DESCRIPTION OF THE TASK: After finding the line containing "MUA MAKEUP ACADEMY LIPGLOSSES" below, please output that line and each following one through the line containing "Cypress Inn & Suites", exactly as written.

╭─ MATERIAL SHOWN

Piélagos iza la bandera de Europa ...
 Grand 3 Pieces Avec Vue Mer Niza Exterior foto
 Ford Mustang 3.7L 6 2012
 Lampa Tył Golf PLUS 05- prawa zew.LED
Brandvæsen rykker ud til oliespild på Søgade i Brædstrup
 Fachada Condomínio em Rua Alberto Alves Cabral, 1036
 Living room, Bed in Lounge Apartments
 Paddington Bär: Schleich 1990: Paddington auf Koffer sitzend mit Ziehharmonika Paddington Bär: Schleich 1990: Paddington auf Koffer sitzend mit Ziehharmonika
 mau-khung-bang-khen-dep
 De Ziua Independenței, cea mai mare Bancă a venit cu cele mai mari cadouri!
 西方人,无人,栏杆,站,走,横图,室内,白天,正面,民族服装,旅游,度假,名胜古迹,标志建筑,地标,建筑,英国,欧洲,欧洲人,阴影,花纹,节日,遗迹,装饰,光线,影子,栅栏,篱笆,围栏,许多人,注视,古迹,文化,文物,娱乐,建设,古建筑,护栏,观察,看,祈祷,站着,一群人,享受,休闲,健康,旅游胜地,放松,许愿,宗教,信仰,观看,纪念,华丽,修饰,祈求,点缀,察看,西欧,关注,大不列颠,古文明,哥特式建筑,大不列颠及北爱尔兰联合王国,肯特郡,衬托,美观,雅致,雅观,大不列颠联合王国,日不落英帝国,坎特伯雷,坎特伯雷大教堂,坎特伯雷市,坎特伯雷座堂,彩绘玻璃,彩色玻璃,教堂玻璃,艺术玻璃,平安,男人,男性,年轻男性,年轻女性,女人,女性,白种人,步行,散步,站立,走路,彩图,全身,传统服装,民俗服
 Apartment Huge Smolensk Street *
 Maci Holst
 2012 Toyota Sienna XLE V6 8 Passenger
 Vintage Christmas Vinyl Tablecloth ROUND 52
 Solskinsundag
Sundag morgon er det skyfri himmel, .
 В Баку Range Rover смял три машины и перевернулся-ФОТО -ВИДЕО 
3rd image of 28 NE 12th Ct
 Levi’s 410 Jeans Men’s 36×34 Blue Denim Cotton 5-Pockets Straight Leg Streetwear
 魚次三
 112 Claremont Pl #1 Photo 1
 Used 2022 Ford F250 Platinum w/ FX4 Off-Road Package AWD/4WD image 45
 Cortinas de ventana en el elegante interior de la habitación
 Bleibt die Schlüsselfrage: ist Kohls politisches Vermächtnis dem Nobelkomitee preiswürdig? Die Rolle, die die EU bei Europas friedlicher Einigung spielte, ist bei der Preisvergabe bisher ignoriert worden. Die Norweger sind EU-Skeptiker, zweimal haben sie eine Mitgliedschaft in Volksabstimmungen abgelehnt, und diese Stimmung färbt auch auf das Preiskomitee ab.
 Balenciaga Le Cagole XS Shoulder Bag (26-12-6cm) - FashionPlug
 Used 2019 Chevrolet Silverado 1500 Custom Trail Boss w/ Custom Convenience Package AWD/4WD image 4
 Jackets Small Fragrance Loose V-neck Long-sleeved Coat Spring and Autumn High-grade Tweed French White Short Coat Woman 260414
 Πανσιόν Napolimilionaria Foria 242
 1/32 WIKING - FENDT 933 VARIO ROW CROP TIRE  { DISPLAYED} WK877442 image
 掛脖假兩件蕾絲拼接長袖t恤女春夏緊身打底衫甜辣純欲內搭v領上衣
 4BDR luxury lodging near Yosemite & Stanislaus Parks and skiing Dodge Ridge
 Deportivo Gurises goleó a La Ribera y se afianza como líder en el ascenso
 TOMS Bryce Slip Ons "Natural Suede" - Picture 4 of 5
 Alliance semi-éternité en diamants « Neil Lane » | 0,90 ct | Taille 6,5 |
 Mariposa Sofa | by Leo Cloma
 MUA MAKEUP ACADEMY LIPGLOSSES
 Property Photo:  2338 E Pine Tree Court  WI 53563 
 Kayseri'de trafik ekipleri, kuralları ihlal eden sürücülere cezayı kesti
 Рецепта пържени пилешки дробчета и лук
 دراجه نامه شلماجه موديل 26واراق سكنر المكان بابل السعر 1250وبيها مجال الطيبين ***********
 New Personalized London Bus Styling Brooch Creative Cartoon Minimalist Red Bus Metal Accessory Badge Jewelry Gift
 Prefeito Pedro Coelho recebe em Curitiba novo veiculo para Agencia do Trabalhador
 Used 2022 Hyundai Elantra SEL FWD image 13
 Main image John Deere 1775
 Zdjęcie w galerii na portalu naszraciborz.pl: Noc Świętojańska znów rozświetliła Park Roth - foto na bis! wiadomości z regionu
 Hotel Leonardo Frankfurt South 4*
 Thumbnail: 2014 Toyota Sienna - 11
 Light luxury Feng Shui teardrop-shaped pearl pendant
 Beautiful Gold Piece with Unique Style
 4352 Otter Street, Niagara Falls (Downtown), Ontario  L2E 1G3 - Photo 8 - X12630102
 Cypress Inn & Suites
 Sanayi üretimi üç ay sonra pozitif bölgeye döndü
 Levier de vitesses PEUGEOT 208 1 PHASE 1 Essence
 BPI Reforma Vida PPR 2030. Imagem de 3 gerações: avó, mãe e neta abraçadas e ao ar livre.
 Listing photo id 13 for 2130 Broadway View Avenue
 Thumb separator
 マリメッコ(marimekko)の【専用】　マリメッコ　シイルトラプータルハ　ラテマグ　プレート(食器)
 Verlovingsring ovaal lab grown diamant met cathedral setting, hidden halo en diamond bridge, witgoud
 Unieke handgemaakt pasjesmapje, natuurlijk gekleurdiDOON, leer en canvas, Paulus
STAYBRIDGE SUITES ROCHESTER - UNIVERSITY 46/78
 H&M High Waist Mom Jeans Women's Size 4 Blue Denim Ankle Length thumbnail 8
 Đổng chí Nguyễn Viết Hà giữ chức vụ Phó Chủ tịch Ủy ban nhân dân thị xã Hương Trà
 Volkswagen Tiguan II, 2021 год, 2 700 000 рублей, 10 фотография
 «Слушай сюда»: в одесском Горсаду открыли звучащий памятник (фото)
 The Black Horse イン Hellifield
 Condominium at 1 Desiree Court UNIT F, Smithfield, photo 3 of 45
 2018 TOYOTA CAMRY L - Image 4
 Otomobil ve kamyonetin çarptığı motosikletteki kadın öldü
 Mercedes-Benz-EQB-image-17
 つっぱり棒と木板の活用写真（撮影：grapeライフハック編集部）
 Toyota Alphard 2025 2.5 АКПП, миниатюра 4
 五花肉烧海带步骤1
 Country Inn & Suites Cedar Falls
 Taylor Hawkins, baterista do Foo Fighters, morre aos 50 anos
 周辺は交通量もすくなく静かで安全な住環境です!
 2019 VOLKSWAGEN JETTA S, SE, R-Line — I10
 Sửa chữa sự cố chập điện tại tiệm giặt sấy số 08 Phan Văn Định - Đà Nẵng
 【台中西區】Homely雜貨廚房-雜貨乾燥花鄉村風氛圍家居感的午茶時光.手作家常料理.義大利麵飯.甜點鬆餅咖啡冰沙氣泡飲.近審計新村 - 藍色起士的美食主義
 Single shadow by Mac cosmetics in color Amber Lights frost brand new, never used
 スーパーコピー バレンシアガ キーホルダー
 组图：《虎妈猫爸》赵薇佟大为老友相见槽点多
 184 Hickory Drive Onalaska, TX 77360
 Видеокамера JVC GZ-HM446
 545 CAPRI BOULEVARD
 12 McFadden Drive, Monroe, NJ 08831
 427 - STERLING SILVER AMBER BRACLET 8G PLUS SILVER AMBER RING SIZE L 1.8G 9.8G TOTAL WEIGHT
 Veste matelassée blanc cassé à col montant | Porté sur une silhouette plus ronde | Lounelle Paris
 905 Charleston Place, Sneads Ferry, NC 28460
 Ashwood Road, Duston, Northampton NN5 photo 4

╰─

WRITTEN REPLY:
 MUA MAKEUP ACADEMY LIPGLOSSES
 Property Photo:  2338 E Pine Tree Court  WI 53563 
 Kayseri'de trafik ekipleri, kuralları ihlal eden sürücülere cezayı kesti
 Рецепта пържени пилешки дробчета и лук
 دراجه نامه شلماجه موديل 26واراق سكنر المكان بابل السعر 1250وبيها مجال الطيبين ***********
 New Personalized London Bus Styling Brooch Creative Cartoon Minimalist Red Bus Metal Accessory Badge Jewelry Gift
 Prefeito Pedro Coelho recebe em Curitiba novo veiculo para Agencia do Trabalhador
 Used 2022 Hyundai Elantra SEL FWD image 13
 Main image John Deere 1775
 Zdjęcie w galerii na portalu naszraciborz.pl: Noc Świętojańska znów rozświetliła Park Roth - foto na bis! wiadomości z regionu
 Hotel Leonardo Frankfurt South 4*
 Thumbnail: 2014 Toyota Sienna - 11
 Light luxury Feng Shui teardrop-shaped pearl pendant
 Beautiful Gold Piece with Unique Style
 4352 Otter Street, Niagara Falls (Downtown), Ontario  L2E 1G3 - Photo 8 - X12630102
 Cypress Inn & Suites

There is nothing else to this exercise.